Chad Kleitsch : papers and botanicals

Finally some new things on our site !! I'm sorry I had no time before but I had hundreds of illustrations to create in the last 5 months.

So. Here we are presenting you a formidable photographer who is now working in scannography. The works Chad Kleitsch presents us here are divided in two parts. The first is the classical scannography theme : flowers and leaves, simply presented but in a perfect way. The second theme is much more personal, in my humble opinion. Chad works with papers, scanning letters, enveloppes, receipts but with an incredible lightning which gives almost live to those papers. Chad seems to have thought a lot about his way of doing things and the result is very sensitive and emotional. Here is an extract of his statement, which I find very relevant : "For some primordial reason when a new image making process or technique is created we innocently throw nature onto its surface, as some kind of ongoing test.

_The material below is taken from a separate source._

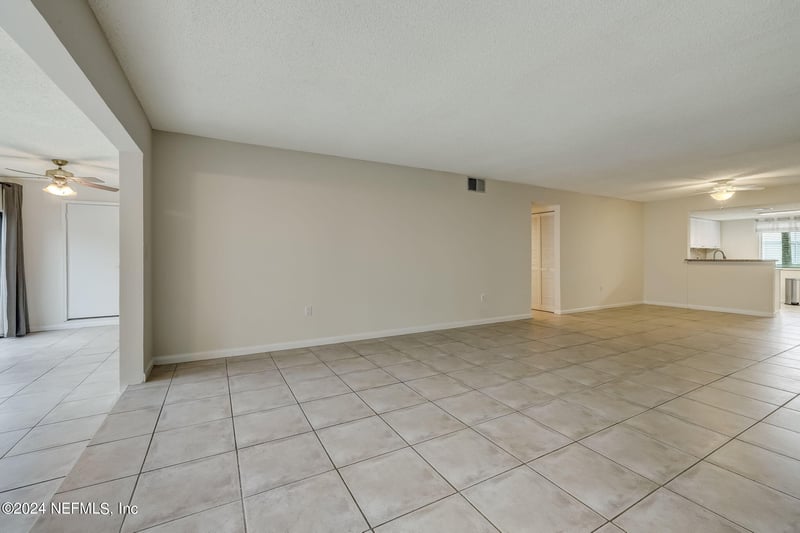 14750 Beach Blvd #75, Jacksonville, FL 32250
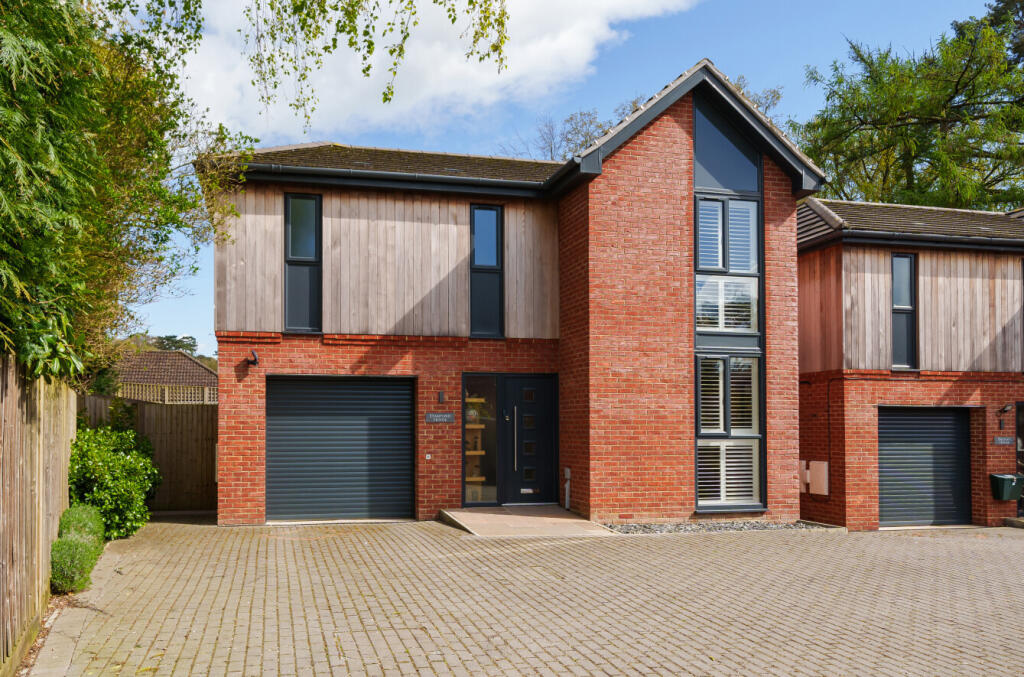Main image of property: Evingar Road, Whitchurch, Hampshire, RG28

Perhaps looking to see if it can match our own perceptual abilities and/or move beyond it."

mother “Letter from Camp” flower Flower nonsense receipt nonsense receipt

I hope you like that new artist and you can also take a look at his own website here.

Sunday 22 November 2009

Scanning outside : Thomas W McDonnell

Taking pictures of the outside world with a simple scanner can seem to be a strange idea. Thomas W McDonnell got from the idea to its realisation. With incredible results


So here we are in face of the first landscapes taken directly with a scanner. I except here Jeff Mihalyo's work, who has been the only one, on our site, realizing pictures with a real depth of field.
Thomas has taken out his scanner to capture real life, moving it around while it processes, putting it on his car while driving, scanning conversations with people. The result is really amazing, opening once more new fields for scannography.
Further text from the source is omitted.